The Bear (Not That One)
SQL… So Quick and Lethal: Apparent Perception Hack Attempt Post-2024 US Elections
Hello everyone and welcome to a special guest post edition of Memetic Warfare.
This week’s guest post is by Max Lesser, a close friend and colleague of mine at the FDD. You may notice that he’s much better at prose than I am, so try not to get overly used to his superior writing style, as we’ll be back with regular Memetic Warfare later this week.
Check out what Max has to say on an interesting account below:
Hi all. My name is Max Lesser, and I am crashing this week’s edition of Memetic Warfare Weekly.
Ari and I work together closely at the Foundation for Defense of Democracies (FDD), but we decided to publish this research independently as the investigation is still ongoing. Our incredible intern, Mason Krusch, also helped with these findings, and he is open for work… so better hire him before someone else snatches him up!
Prior to the election, the ODNI warned that foreign threats to U.S. elections might continue after voting ends, seeking to cast doubt on the integrity of the elections. We recently discovered a hacktivist persona who claimed to have hacked election infrastructure. The persona appears to intentionally feed the impression that it is Russian, but it is difficult to determine whether it is in fact Russian or someone posing as a Russian. It is clear, however, that someone created the persona expressly for the purpose of spreading highly suspect claims of having hacked election infrastructure to tip the scales in Trump’s favor.
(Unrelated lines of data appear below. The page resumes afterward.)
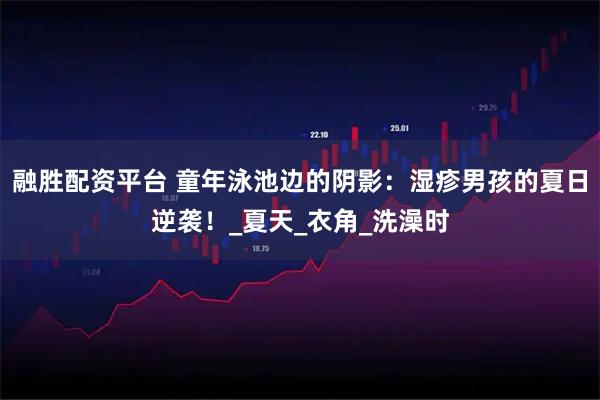 融胜配资平台 童年泳池边的阴影：湿疹男孩的夏日逆袭！_夏天_衣角_洗澡时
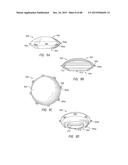 PROSTHETIC CAPSULAR DEVICES, SYSTEMS, AND METHODS diagram and image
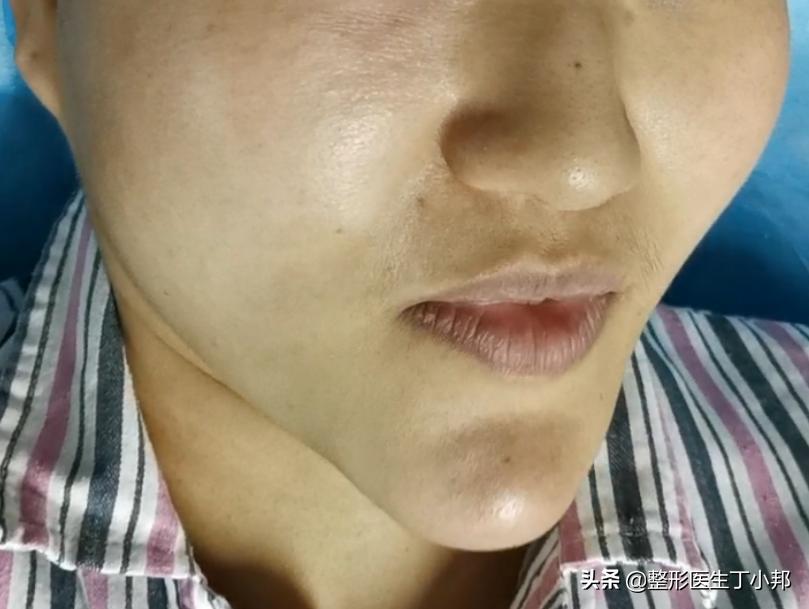 注射生长因子丰下巴导致下巴变形，怎么办？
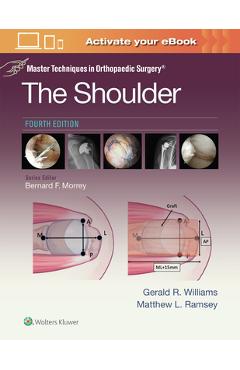 Coperta cărții 'Master Techniques in Orthopaedic Surgery: The Shoulder: Print + eBook with Multimedia - Gerald R. Williams'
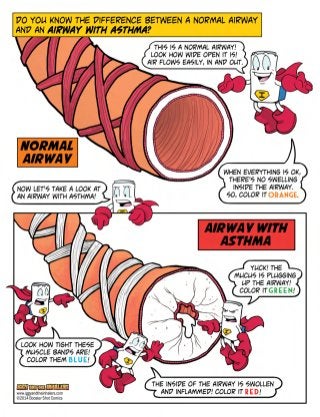 What is Asthma - Pathophysiology of Asthma For Kids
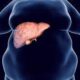 Factores de riesgo para hepatopatía grasa no alcohólica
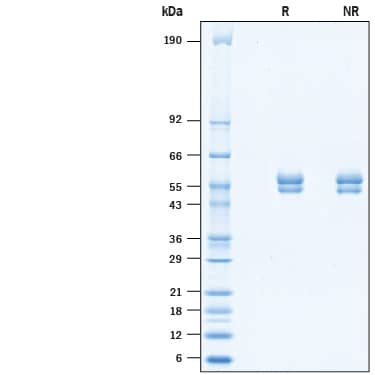 Recombinant Mouse CD4 His-tag Protein SDS-PAGE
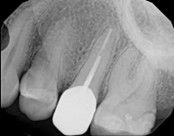 6 months after root canal treatment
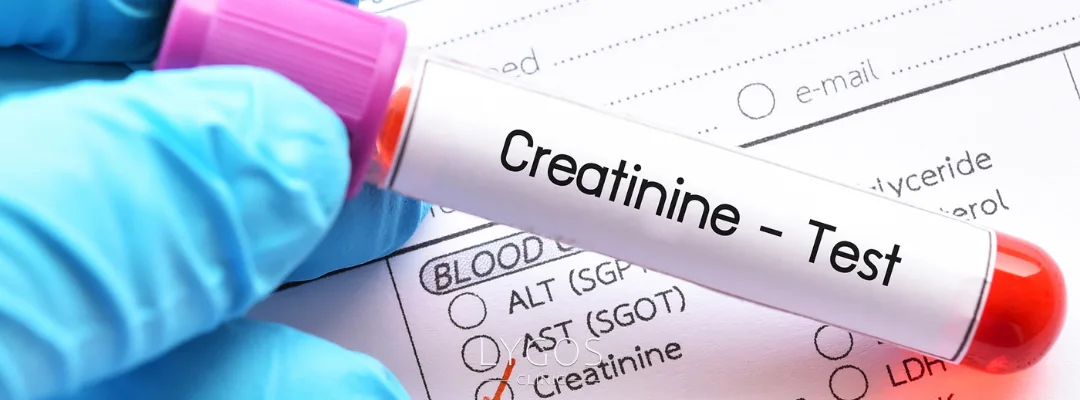What is Creatinine and What Does It Do?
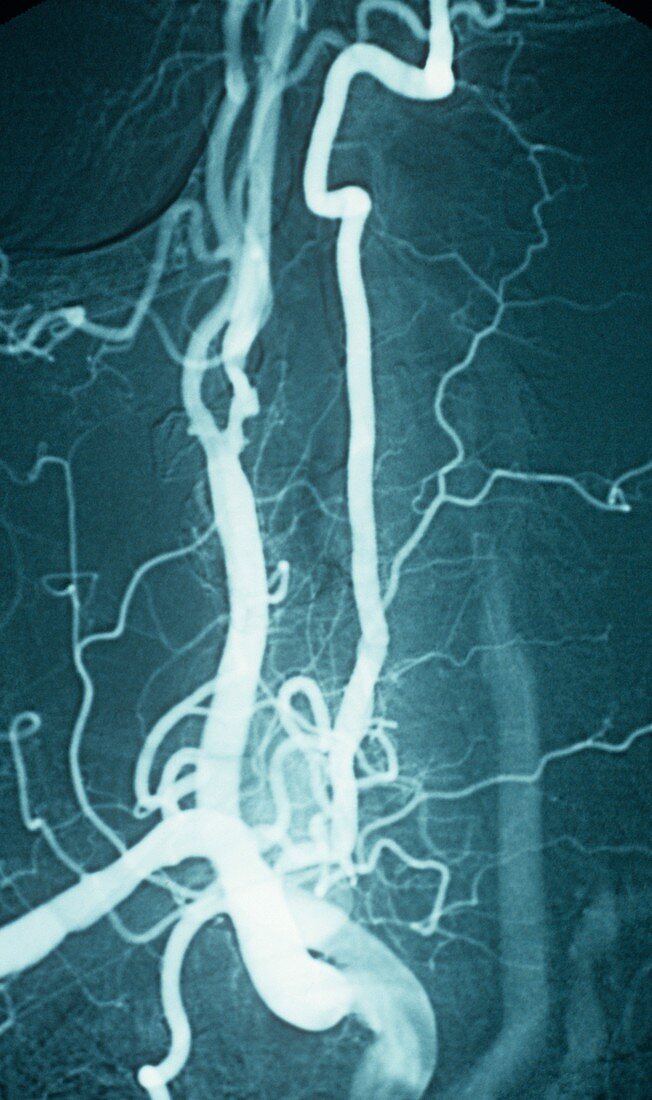 Carotid atherosclerosis,X-ray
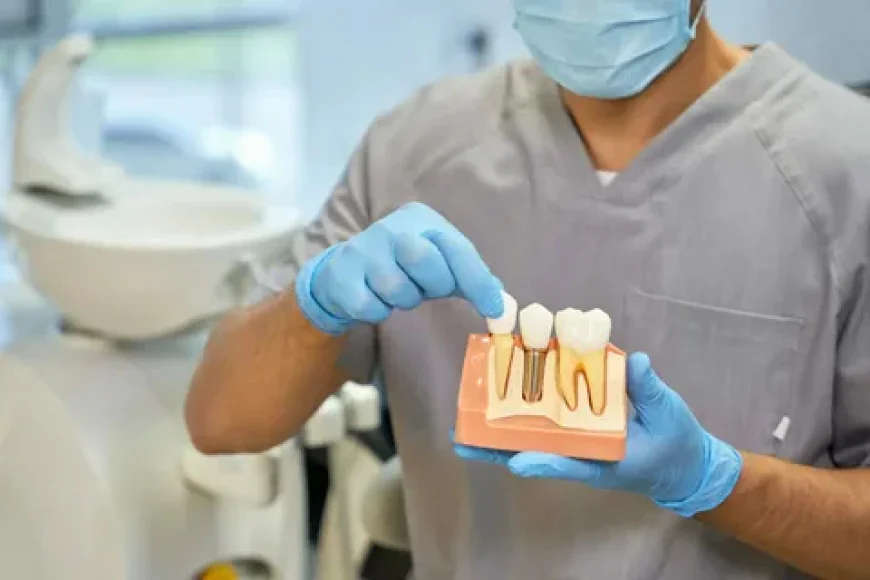 Best Dental Implants Glendale: What Real Patients Look for in a Provider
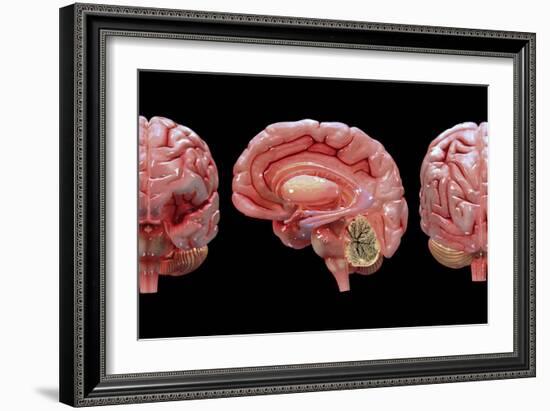 3D Rendering of Human Brain-Stocktrek Images-Framed Art Print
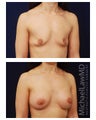 Breast Augmentation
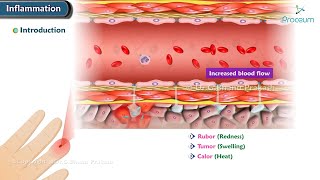 1 Introduction to Acute and Chronic Inflammation Animation [upl. by Hitoshi876]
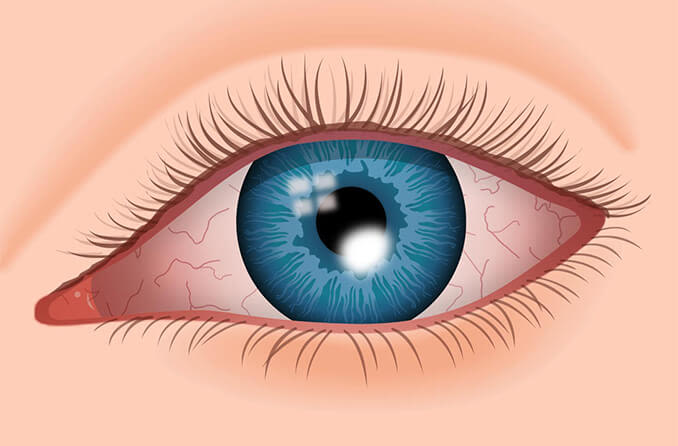 Illustration de l'oeil avec ulcère cornéen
On November 17, 2024, an unknown hacktivist persona known as Red Bear claimed on X to have hacked into Dominion Voting’s Election Management System (EMS) to flip votes in Trump’s favor in unspecified regions across Arizona, Georgia, Pennsylvania, and other states.
Figure: Photo shared in Red Bear post claiming it modified results in Arizona, Georgia, Pennsylvania, and other states.
Red Bear warrants attention not only because of the nature of its claims, but also because the claims have gained significant reach. Red Bear’s own posts on X have collectively garnered over 80,000 views. On top of this, Elections Focus, a suspicious account discussed in a previous edition of Memetic Warfare Weekly, shared screenshots of Red Bear’s posts multiple times, collectively gaining over 180,000 views. Prominent entrepreneur-turned-philanthropist Chris Klaus shared Red Bear’s claims over multiple posts that collectively garnered over 420,000 views. These posts on X are only a few prominent examples, and do not comprehensively represent the reach of Red Bear’s claims across various platforms.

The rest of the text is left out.